Debut installation explores marks left behind

August 9, 2025 BY
Amanda Western installation

Imprints: Artist Amanda Western is presenting her debut 3D exhibition at Kank Wolverang Records. Photos: SUPPLIED

AWARD-winning printmaker Amanda Western is presenting her debut 3D installation, transforming the interior of Kank Wolverang Records in the process.

Imprints: Marks We Leave Behind is on now until 30 August.

Western describes her first ever installation as “an immersive, site-responsive work that explores the quiet traces we leave on the world around us.”

Known for carved linocuts, the artist developed her practice in two dimensions and said the show marks a new foray into working large-scale 3D.

“I found the flat surface of traditional printmaking increasingly limiting and with this installation, I’m looking at how art can inhabit space and invite viewers to move through, around, and within the work itself,” she said.

“I’m just trying to take it off the flat plane into 3D space.
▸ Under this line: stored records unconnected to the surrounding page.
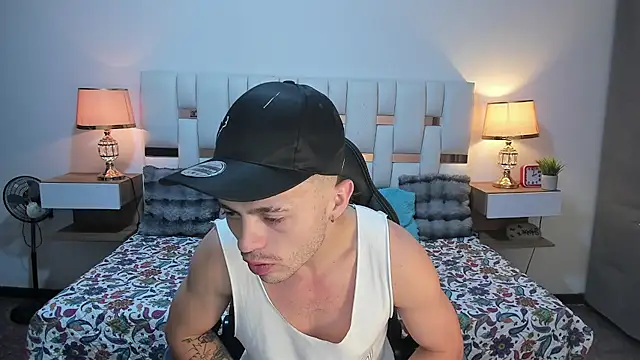 Snapshot of Zeus_damian21 chatting on 07-18-26, 03:04 Zeus damian21 online show from 07-18-26, 03:04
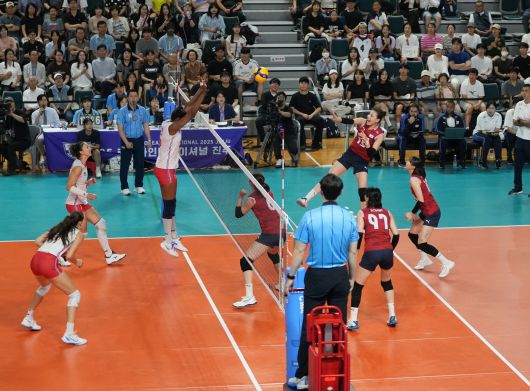 한국과 프랑스의 진주국제대회 경기 모습(대한배구협회 제공)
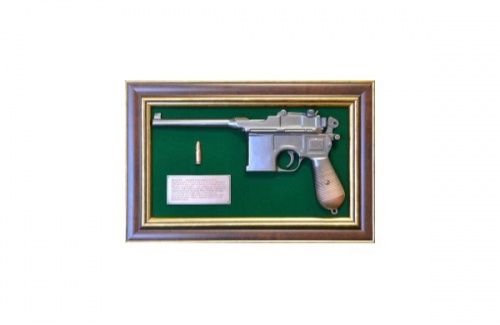 Панно с пистолетами Маузер в подарочной коробке, ПС-34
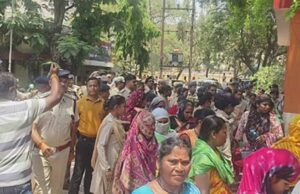 कार में बच्ची का शव मिलने से आक्रोशित लोगों ने किया थाने का घेराव, शव लेकर धरने पर बैठे परिजन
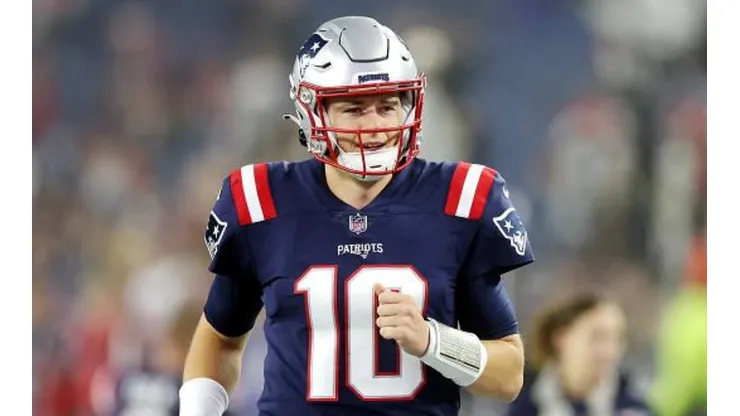 Mac Jones deverá começar jogando contra o Jets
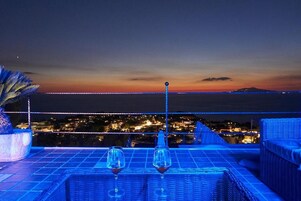 Una piscina al aire libre de temporada, sillones reclinables de piscina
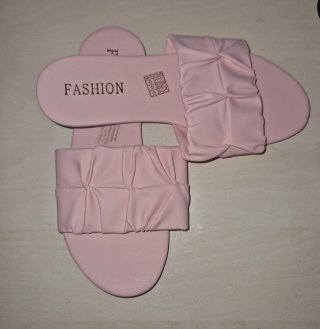 Sandalias rosas planas con tira fruncida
Having said that, I do still have about 30 framed 2D prints in the show.

“I’m very monochrome but I do have quite an element of autumnal colour in it as well, a lot of earthy colouring, and a lot of the prints are printed in sepia. But I want the detail to be what captures people rather than the colour.”
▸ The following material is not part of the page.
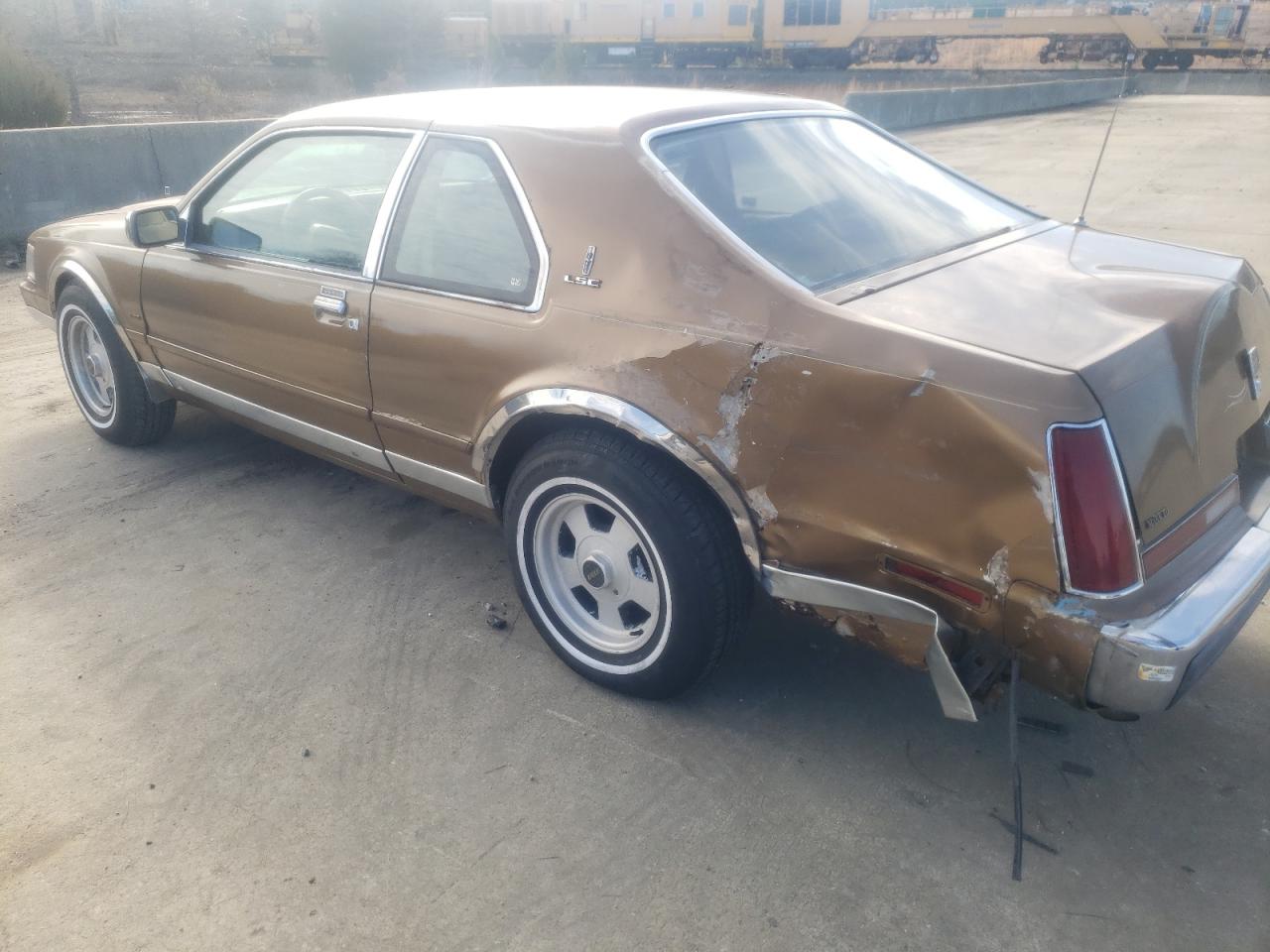 Photo 9 from auction – 1984 LINCOLN MARK VII with VIN 1MRBP98F7EY685959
Western is a finalist in this year’s Pro Hart Outback Art Prize, and was the 2024 Sunshine Coast National Art Prize People’s Choice recipient. She is also president of the Ballarat Society of Artists, and a Print Council of Australia committee member.
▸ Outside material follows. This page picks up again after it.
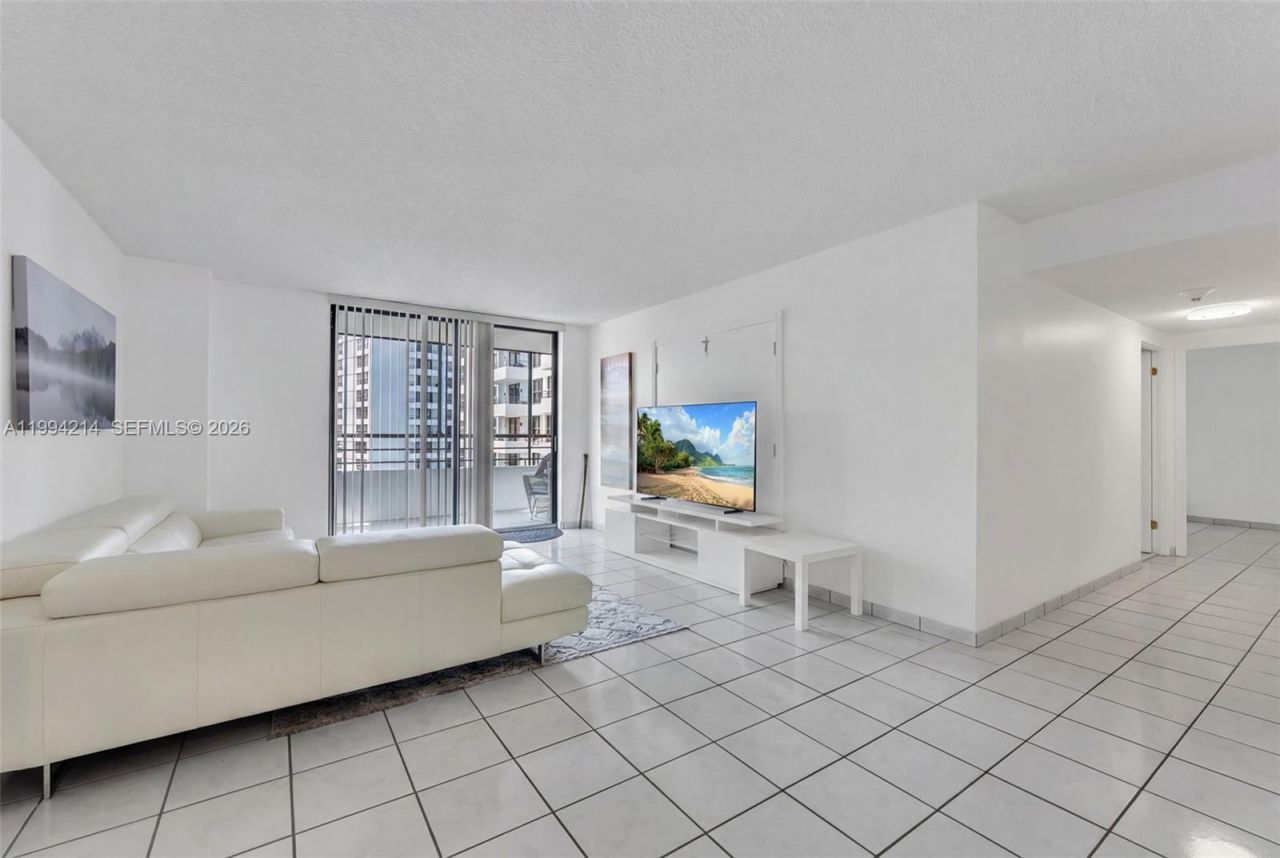 2500 Parkview Dr , Unit 1418, Hallandale Beach, FL 33009 Photo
With this new exhibition, she is setting out to transform the industrial interior exhibition space of Kank Wolverang Records using hand-printed materials, plastic waste, reclaimed objects, and suspended forms.

Amanda Western in her studio.

 

“I’ve got half a truck load of installation pieces. A lot of the sculptural pieces are found or vintage pieces that I’ve repurposed. I’ve purchased quite a bit but it’s all secondhand,” Western said.

“All materials used in the installation have a past life, salvaged from waste, found, purchased secondhand, or vintage and given new meaning.”

A main motivation behind the new work was to explore how environments hold stories and how human beings leave their own marks behind in them, and the work draws on the artist’s background in disaster recovery and permaculture principles.

“It invites visitors to take part in the work by choosing a small sphere, a tactile, portable representation of the earth to be held, cradled and cared for,” she said.

“It reminds us that every step we take, however light, becomes part of the story of place.”

Kank Wolverang Records is at 30 Main Road, Bakery Hill. Gallery Hours are 10.30am to 5pm, Thursday to Sunday and admission is free.